In Part 2, Jung very helpfully places personal eating disorders in the broader context of communal or societal disorders. He lists four categories of disorder, each violating eating as gift.
1. Systemic / Global Disorders: According to data from the World Health Organization, at least 1.1 billion people worldwide get too few calories to ward off hunger, while another 1.1 billion take in too many. Referring to the world supermarket of food distribution, Jung writes: ‘The values that dominate … are designed to promote a level of consumption and greed that will produce the greatest amount of profit and market share.
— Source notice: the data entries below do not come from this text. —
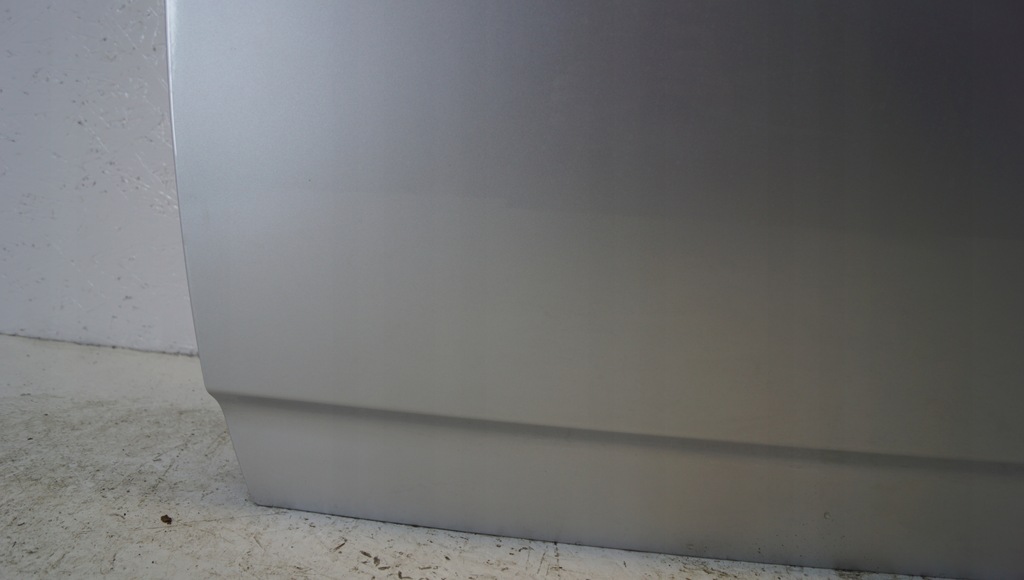 фото №7, Дверь левый перед bmw x3 e83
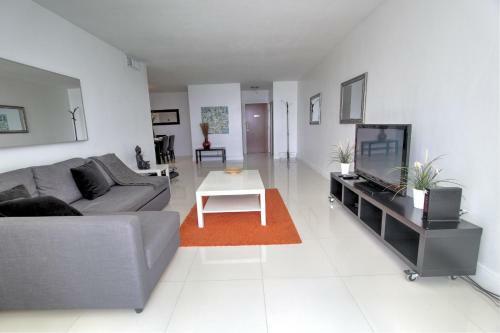 Apartamentos Hollywood Condo's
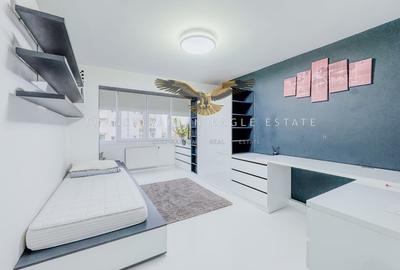 PET Friendly|Locuinta moderna si spatioasa|Grigorescu - 7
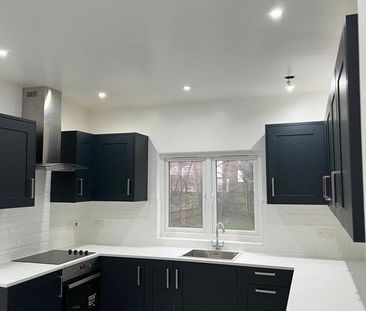 Room in a Shared House, St. Albans Road, NW10 - Photo 3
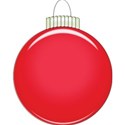 cwJOY-ColorfulChristmas-ornament15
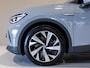 Volkswagen ID.4 Family 77 kWh SOH 92% / 204pk / NAP / Warmtepomp / Panorama dak / Achteruitrij camera / Stoelverwarming /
Rather than design a system that will provide food for everyone (which is manifestly possible) and will delight all, the system is designed to produce food that is upscale, convenient, processed, and cheap for the consumers who can afford it.’
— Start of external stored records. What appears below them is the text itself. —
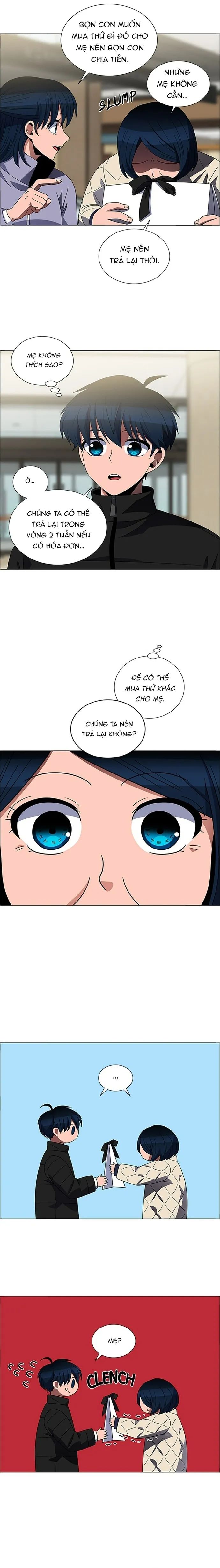 no scope chapter 153 5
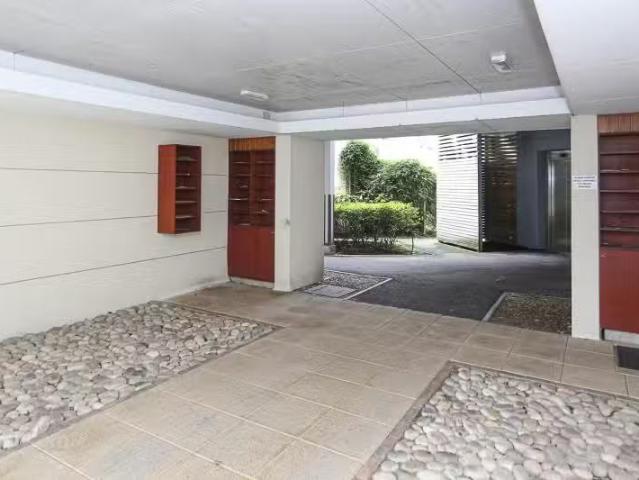Apartment to rent in Mayo, Connacht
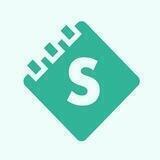 SkebCoin Chat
2. Lifestyle Disorders: We live and eat in a context in which consumption rather than relationship is now the key to participation and validation: ‘The food industry spends billions of dollars each year on advertising and promotion to create an environment that constantly pressures us to consume.’
3. Interpersonal Disorders: For some, the long-term deprivation of interpersonal relationships results in a fear of relating to others or the complete loss of the skills to do so. Food becomes an activity of solitude. ‘Often it is easier to eat alone that face the threat of relating.’ More fundamentally, ‘we have abrogated responsibility for each other and, at the most tangible level, responsibility of caring for each other physically and materially.’
4. Personal Disorders: Jung describes the ‘popular salvation myth’ that encourages us to fixate on our bodies and, in some cases, engage in disordered eating patterns as a result: ‘Eating disorders are the result of distorted desires for wholeness and salvation that cannot be fulfilled short of God’s grace. … They are hungry ghosts who can never be filled, but whose craving and grasping and self-conscious emptiness violate our happiness and put us on the treadmill of concupiscence.’
In all of this, Jung says, we are caught … caught in our complicity with unjust global food systems, and in our perversity, loving those very things that are not good for us. What’s more, we are driven by an underlying cultural belief in scarcity, ‘thus we think we have to grab the goodies before they are gone.’ Addressing this complicity and perversity in the kitchen is both a personal and communal challenge.
In the final Part 3 of the book, Jung addresses this challenge for both individual people of faith and for the church. His perspective is an important one, sensitively and accessibly written for a wide audience. It’s a good place to begin in the exploration of eating and faith.